Pretty simple really. They found someone, and stopped being active in forums and chat rooms. I have long maintained that the successful relationships that exist between BBWs and FAs are the ones where they no longer participate in the community.

Many of you know the game. I call it the “insurance game”. It’s the game where you continue to keep yourself “out there” in view of the community even though you are in a relationship. Why? From my point of view, you’re buying insurance that just in case the relationship you’re in doesn’t work out, you’ve already laid out the groundwork for the next relationship, whether it’s online, or at a bash or dance. It’s the little innocent (or not so innocent) flirt, or a “compliment” on someone’s pic, or any action that lets that other person outside your relationship know that you might just be available under the “right circumstances”.

So, what are the right circumstances?

Part of what’s different between the fat community & the rest of the world is that we’re a smaller (no pun intended) community and more geographically diverse. How many people from the community do you know who have traveled hundreds, and sometimes thousands of miles to meet someone? Often we meet people in forums and chat rooms that bring our kind together, places like Dimensions, or Fantasy Feeder, or Curvage, or BBW Chat Zone, or the many venues that encourage us to “talk” with each other. So, while there are fewer of us in numbers, we “browse” these places, almost like shopping online, except instead of shopping for shoes or a smart phone, you’re looking for sex, and/or a relationship. The challenge is, just like buying online, you don’t always end up with what you think you are going to get. Now, close your eyes again, and think about how many people you know who traveled a great distance to meet someone, only to find that they were disappointed in how they looked, or that they didn’t mesh well, or that the other person wasn’t honest about their intentions before they met. I know a lot of them, and I’ll bet you do, too.

Again, I want to be honest, and I have to say that men are more guilty of this “browsing” thing than women are. Additionally, I think that so many men have benchmarked what they want in a fat women, and it’s shaped primarily by BBW webmodels. Back in the day, guys would show up at a dance or bash, and walk past all the other gorgeous fat women just to take a chance that they paysite girl that they so adored might give them a toss. I wrote about this way back in 2007, and not a whole lot has changed since then. It’s gotten to a point where one of the girls at the last bash I ran in October 2010 said to me, “what’s a girl got to do to get a guy’s attention here?”
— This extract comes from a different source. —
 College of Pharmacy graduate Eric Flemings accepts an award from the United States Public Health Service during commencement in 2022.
By Saturday night, she’d figured it out.

Those of you reading this who know me in real life know that I haven’t been active at many dances or events in well over a year. I’m in a relationship, and there’s an unwritten agreement that we don’t need “insurance”. While I miss hanging out with some of my friends, they can see me independent of BBW dances or events. Honestly, I just don’t need all of the sexual politics that go on, whether those politics involve me or not.
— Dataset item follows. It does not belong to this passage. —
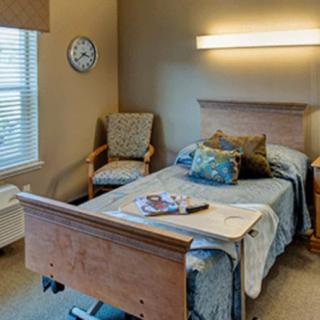 A hospital room with a bed, chair, and clock near a window.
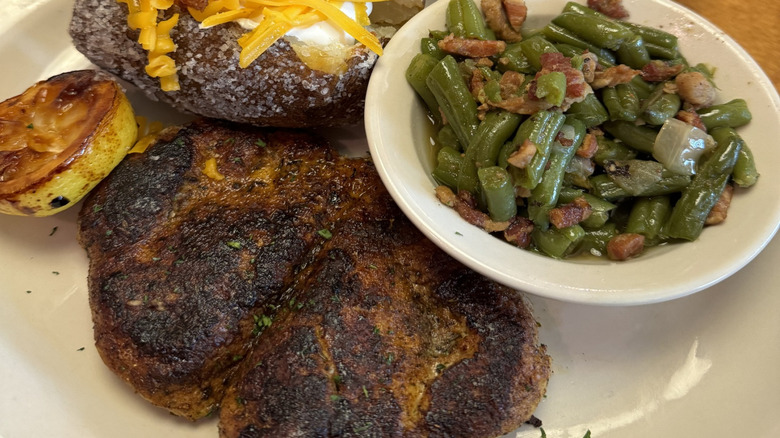 Green beans, chicken breast, and baked potato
Again, I have to emphasize that none of this has a damn thing to do with 2 people who want to just get together for sex, but only involves relationships.

Recently, my ex received a message from a guy in the community who approached her WHILE she was involved with me, asking if he could hook up with her (the guy is supposedly in an open relationship). Well, he re approached her, not knowing whether we were still together or not, asking if my panties were still in a bunch over what happened some time ago, and whether they might still be able to get together.

THAT, my friends, is the mentality that I feel is pervasive in the BBW/FA community, the fact that there is little respect for existing relationships, and combined with the ability to “browse” for sex or relationships and treating people as insurance, makes long term relationships difficult, but not impossible.

You just have to crawl out of the lobster pot to be able to do it.

Have a wonderful New Year, everyone.